PROBLEM STATEMENT: Copy, exactly as written, the lines that begin at the one containing "Мужчина и женщина" and end at the one containing "- Фото, изображение". Skip any pictures in the data below.

DATA FOR ANALYSIS:
===

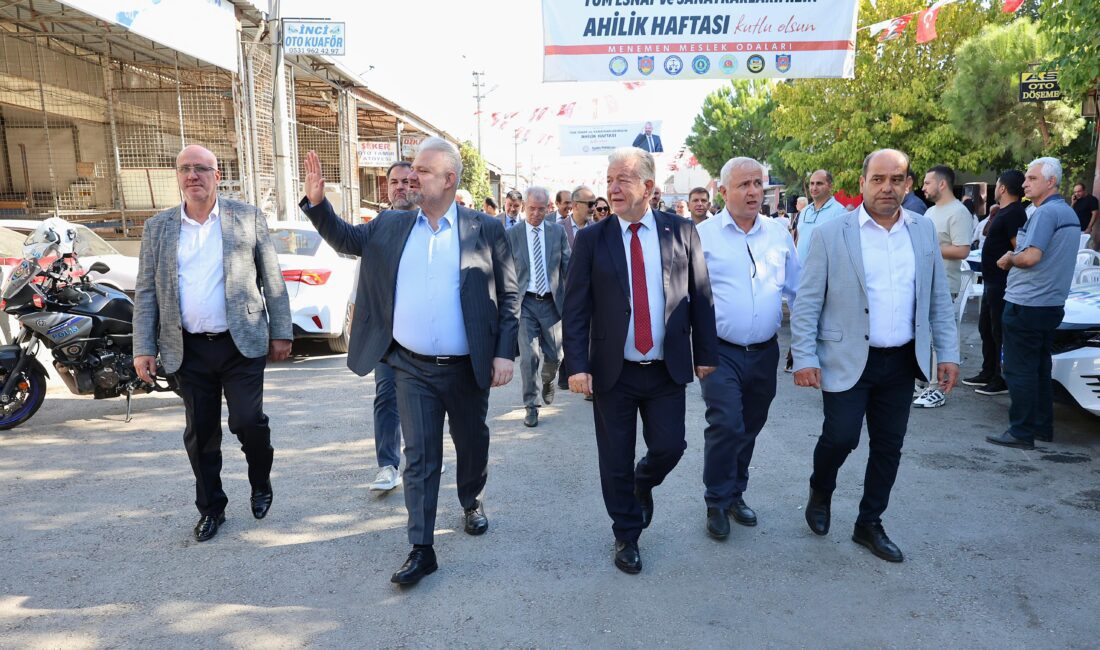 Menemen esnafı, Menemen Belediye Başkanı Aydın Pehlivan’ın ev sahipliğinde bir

===

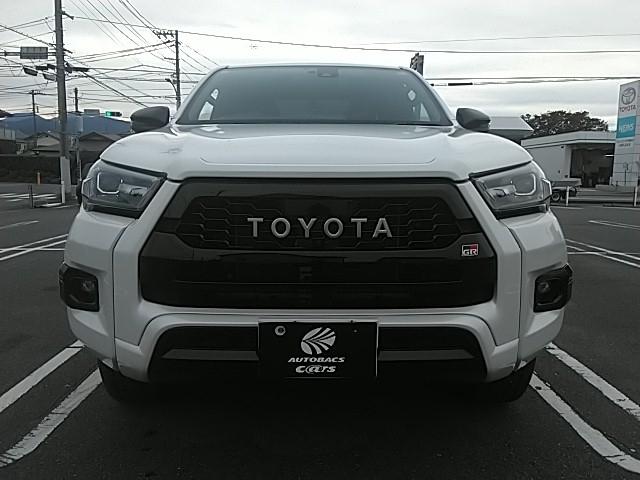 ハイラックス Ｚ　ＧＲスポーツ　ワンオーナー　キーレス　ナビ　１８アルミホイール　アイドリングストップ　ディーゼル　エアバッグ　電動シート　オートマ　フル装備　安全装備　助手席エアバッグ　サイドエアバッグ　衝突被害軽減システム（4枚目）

===

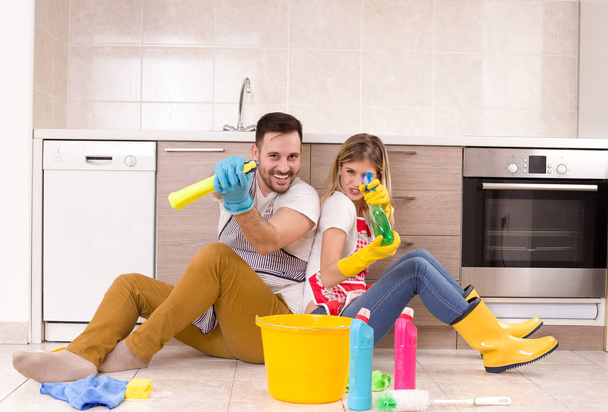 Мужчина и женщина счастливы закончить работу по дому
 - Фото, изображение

===

PROBLEM SOLUTION:
 Мужчина и женщина счастливы закончить работу по дому
 - Фото, изображение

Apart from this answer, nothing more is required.